Beginning with the line where "this 600×398 image." appears, restate each line word for word until the data ends. Pictures do not go in.

(Collected data)
────────────────

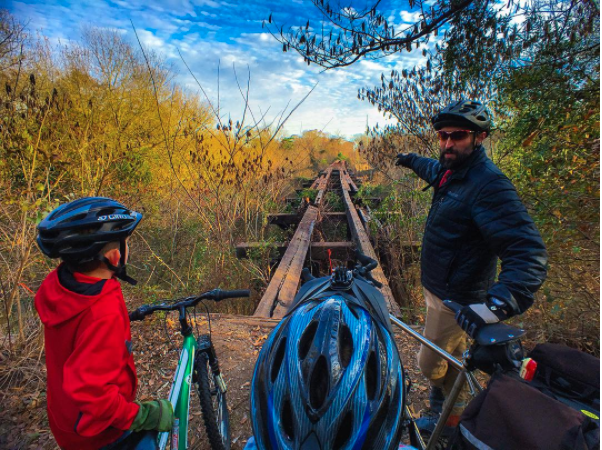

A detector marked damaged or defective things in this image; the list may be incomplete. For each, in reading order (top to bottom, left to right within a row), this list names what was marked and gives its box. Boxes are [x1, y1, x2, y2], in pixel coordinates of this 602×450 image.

rusty rail bridge [237, 160, 414, 318]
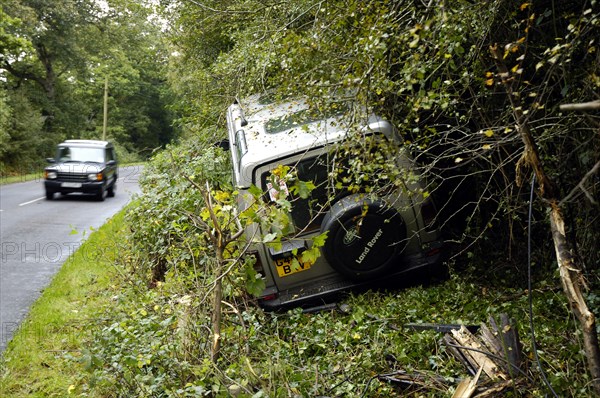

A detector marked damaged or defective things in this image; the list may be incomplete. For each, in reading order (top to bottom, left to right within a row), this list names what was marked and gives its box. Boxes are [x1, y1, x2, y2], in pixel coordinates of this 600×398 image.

crashed land rover [227, 95, 442, 310]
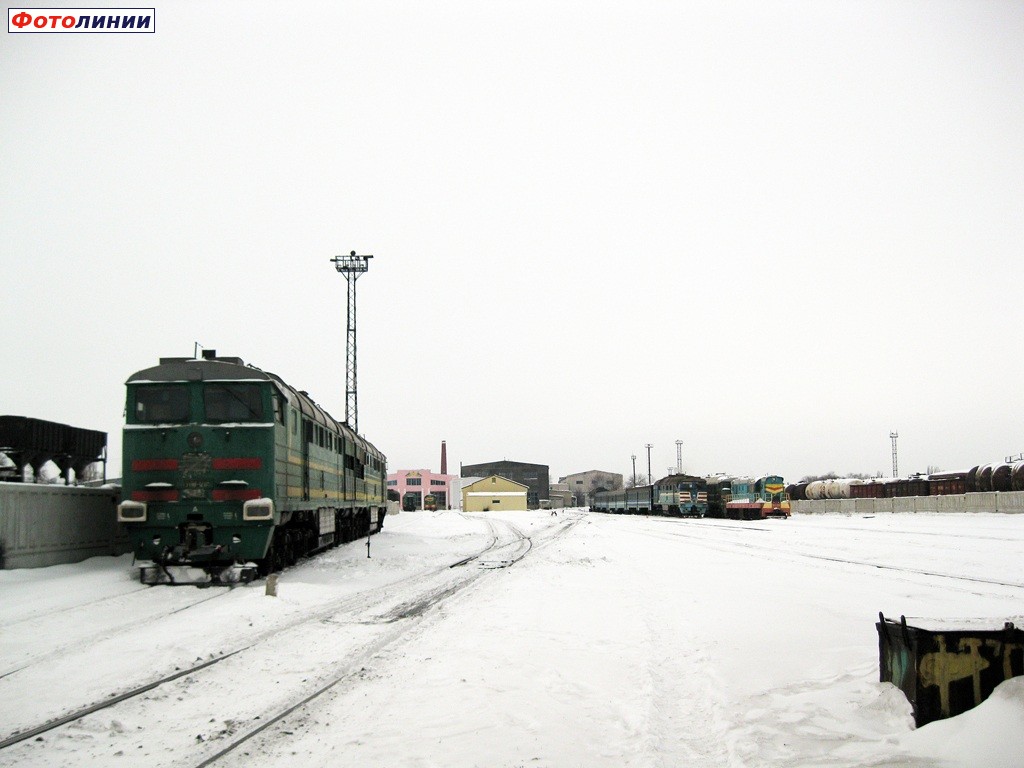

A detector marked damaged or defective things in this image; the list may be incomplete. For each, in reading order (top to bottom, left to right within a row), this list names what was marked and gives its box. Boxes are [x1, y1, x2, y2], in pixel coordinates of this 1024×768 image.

rusty metal container [872, 618, 1024, 729]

────────────────

→ **Solution to this exercise**
A detector marked damaged or defective things in this image; the list may be incomplete. For each, in reading order (top to bottom, left to right within a row), this list names what was marked and gives its box. Boxes are [x1, y1, x2, y2], in pixel coordinates of this 600×398 image.

crashed land rover [227, 95, 442, 310]

A detector marked damaged or defective things in this image; the list may be incomplete. For each, in reading order (top to bottom, left to right within a row), this list names what was marked and gives its box. Boxes are [x1, y1, x2, y2], in pixel coordinates of this 1024×768 image.

rusty metal container [872, 618, 1024, 729]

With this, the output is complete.